[Data extracted from a collection]
══════════
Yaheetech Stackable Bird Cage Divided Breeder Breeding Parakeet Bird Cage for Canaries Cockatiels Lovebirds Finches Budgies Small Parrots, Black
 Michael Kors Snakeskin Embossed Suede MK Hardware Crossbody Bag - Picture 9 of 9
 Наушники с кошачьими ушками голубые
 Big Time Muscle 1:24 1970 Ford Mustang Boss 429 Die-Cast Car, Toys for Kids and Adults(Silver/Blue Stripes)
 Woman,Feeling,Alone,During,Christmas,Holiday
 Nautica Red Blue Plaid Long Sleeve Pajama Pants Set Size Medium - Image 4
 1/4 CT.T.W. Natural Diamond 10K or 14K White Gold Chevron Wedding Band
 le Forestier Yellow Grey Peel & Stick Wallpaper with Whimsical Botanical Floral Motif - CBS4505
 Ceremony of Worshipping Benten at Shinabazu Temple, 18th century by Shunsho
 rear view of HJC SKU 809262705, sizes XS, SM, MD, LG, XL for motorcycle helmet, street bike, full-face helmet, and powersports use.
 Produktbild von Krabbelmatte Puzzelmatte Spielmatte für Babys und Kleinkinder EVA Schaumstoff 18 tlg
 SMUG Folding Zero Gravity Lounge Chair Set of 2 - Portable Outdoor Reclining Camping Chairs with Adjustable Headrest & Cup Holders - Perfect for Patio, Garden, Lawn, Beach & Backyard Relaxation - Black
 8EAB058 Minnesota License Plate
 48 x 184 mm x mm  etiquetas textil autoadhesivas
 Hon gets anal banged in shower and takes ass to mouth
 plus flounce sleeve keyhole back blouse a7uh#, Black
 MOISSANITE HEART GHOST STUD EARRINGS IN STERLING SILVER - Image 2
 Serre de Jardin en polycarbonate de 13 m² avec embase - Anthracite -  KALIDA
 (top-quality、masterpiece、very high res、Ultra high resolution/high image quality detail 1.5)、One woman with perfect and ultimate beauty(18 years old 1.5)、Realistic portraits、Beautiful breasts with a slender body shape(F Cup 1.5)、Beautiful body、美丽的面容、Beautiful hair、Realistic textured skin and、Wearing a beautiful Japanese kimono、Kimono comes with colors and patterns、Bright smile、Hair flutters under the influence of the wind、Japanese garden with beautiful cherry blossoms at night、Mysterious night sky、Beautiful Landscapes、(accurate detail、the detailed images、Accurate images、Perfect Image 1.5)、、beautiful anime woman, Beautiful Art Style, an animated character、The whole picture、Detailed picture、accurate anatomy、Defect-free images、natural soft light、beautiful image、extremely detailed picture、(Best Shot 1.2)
══════════
The task: Within the data above, filter for lines containing the word "Blue" and copy each one.

Result of this task:
 Big Time Muscle 1:24 1970 Ford Mustang Boss 429 Die-Cast Car, Toys for Kids and Adults(Silver/Blue Stripes)
 Nautica Red Blue Plaid Long Sleeve Pajama Pants Set Size Medium - Image 4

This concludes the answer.